Crypto Billionaire Novogratz Breaks Silence, Calls Luna ‘Big Idea That Failed’
Mike Novogratz broke his silence on the TerraUSD meltdown, calling it a “big idea that failed” and warning that the tough environment for cryptocurrencies will continue.
The founder of Galaxy Digital Holdings Ltd. and big backer of Terraform Labs, the company behind Terra and Luna, had gone silent for a week.
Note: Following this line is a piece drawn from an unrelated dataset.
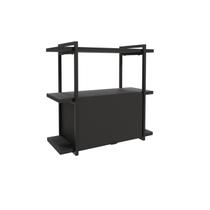 Nicho para Cozinha 80cm Iron 3 Prateleiras e 1 Porta Espresso Móveis Preto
Novogratz spent the time reflecting on the economy and his firm’s role in the crypto industry, he said in a statement on Wednesday.
Novogratz, a former hedge fund trader, blamed the challenging global macro backdrop, and said the coin’s collapse dented confidence in the cryptocurrency and decentralized finance space.
Novogratz said Galaxy Digital first invested in Terraform Labs in the fourth quarter of 2020. He’s since touted his relationship to Terra founder Do Kwon and promoted the stablecoin across social media and the press.
He took to Twitter in January to show off a new tattoo: A wolf howling at the moon, along with the word “Luna.”
Novogratz described how the downward pressure on reserve assets and UST withdrawls triggered “a stress scenario akin to a ‘run on the bank.’”
That run started this month when Terraform Labs’ TerraUSD, or UST — a stablecoin that primarily uses algorithms, rather than collateral, to adjust its supply and maintain a 1-to-1 peg with the US dollar — and its digital coin counterpart Luna lost almost all their value.
“The reserves weren’t enough to prevent UST’s collapse,” Novogratz wrote. “With hindsight things always look clearer.”
Novogratz said Galaxy’s business lines remain diversified and the company is in a strong capital and liquidity position. The company said last week it was bracing for a $300 million hit this quarter.
The billionaire encouraged individual investors who put money into crypto to follow a similar strategy and make sure to keep risk management in mind. Their crypto allocation should be between 1% to 5% of their assets, he said.
“Reading the stories of retail investors who lost their savings in one investment is heartwrenching,” Novogratz said in the letter. “But it’s important that less experienced market participants only risk what they are comfortable losing.”